*INSTRUCTIONS FOR THE TASK:* Locate the word "Washable" in the entries below, then gather every line that holds it.

*DATA TO EXAMINE:*

::::::

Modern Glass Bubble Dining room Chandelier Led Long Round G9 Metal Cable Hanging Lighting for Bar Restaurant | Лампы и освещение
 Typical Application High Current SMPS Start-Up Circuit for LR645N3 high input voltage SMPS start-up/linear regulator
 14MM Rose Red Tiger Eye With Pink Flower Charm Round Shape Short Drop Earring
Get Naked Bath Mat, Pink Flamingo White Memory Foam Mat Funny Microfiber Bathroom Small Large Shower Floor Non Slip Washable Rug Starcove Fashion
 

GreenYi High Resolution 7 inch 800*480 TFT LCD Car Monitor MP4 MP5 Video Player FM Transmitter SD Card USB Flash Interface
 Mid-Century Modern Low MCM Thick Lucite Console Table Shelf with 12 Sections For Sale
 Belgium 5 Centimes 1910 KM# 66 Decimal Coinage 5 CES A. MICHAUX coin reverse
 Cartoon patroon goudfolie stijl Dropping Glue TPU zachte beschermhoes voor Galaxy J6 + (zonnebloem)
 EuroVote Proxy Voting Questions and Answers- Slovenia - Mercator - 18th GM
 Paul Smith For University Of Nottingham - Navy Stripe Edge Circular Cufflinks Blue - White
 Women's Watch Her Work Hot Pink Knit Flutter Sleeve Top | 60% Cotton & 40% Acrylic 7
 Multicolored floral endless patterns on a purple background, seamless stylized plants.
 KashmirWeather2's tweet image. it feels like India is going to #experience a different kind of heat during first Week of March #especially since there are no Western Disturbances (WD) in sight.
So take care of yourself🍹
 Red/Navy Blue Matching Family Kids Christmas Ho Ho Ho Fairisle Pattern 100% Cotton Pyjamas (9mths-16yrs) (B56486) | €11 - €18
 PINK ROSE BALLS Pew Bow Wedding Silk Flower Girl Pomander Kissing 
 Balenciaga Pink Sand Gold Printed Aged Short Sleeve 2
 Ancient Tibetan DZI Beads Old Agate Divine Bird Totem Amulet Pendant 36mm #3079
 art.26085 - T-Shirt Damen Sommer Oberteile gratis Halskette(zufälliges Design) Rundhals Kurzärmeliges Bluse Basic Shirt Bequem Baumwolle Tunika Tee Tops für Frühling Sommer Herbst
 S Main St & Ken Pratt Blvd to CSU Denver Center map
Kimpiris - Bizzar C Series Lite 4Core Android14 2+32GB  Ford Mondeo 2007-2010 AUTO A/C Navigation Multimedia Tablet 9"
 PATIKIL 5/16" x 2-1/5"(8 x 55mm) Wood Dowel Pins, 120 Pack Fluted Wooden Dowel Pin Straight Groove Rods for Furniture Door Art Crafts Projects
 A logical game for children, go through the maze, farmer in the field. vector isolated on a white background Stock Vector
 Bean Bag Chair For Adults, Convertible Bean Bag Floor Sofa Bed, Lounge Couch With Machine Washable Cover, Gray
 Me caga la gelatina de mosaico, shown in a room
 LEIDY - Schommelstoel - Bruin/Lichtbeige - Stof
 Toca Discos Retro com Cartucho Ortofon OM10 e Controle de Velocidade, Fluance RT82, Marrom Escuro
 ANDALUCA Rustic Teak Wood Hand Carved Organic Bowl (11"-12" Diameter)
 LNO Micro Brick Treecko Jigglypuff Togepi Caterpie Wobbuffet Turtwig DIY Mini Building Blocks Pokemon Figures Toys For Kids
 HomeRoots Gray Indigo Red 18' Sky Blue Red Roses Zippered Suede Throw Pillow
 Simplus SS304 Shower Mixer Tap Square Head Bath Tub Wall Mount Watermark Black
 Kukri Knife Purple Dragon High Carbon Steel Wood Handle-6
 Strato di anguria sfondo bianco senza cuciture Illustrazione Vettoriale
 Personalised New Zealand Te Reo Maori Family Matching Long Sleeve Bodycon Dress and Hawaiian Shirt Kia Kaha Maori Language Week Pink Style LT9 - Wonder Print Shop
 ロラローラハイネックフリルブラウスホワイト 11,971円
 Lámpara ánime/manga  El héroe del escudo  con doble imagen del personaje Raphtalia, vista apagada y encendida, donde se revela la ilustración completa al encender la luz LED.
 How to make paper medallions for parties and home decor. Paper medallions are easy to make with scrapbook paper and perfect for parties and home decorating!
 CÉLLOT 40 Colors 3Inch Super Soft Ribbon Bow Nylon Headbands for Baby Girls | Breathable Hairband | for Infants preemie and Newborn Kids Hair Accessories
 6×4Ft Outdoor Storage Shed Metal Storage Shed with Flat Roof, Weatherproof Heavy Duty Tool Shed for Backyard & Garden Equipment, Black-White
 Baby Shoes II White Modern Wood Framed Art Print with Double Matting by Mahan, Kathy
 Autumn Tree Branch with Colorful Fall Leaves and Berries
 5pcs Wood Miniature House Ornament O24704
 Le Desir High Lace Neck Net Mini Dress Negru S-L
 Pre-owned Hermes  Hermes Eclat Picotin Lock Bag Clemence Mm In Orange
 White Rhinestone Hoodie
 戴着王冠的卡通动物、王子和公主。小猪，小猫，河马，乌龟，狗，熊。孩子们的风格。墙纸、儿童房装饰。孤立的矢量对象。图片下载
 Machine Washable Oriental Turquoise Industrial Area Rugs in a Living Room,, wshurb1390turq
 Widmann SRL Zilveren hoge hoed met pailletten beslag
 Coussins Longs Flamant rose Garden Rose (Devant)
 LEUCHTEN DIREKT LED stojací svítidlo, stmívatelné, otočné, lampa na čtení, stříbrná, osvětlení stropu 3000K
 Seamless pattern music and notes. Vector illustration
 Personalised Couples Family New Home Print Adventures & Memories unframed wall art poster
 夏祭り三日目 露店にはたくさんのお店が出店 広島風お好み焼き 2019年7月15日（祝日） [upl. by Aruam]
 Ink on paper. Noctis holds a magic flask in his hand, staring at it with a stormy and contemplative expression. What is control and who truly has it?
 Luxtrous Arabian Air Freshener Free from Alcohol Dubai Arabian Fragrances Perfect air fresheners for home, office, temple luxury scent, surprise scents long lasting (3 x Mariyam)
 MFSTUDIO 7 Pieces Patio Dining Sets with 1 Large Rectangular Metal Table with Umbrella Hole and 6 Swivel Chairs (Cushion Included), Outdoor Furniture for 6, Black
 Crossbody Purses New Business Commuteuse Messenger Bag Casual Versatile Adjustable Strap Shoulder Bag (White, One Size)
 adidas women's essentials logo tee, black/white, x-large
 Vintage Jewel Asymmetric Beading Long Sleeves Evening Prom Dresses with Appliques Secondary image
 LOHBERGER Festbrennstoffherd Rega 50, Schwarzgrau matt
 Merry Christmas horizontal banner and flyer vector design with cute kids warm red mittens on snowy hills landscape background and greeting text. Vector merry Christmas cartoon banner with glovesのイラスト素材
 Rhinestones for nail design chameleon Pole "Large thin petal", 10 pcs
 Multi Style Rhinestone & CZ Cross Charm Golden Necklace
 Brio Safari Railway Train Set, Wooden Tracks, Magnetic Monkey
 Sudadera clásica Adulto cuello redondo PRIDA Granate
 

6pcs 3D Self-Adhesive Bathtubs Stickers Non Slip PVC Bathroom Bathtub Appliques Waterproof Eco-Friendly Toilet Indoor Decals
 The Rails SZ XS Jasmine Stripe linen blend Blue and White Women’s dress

::::::

*ANSWER SECTION:*
Get Naked Bath Mat, Pink Flamingo White Memory Foam Mat Funny Microfiber Bathroom Small Large Shower Floor Non Slip Washable Rug Starcove Fashion
 Bean Bag Chair For Adults, Convertible Bean Bag Floor Sofa Bed, Lounge Couch With Machine Washable Cover, Gray
 Machine Washable Oriental Turquoise Industrial Area Rugs in a Living Room,, wshurb1390turq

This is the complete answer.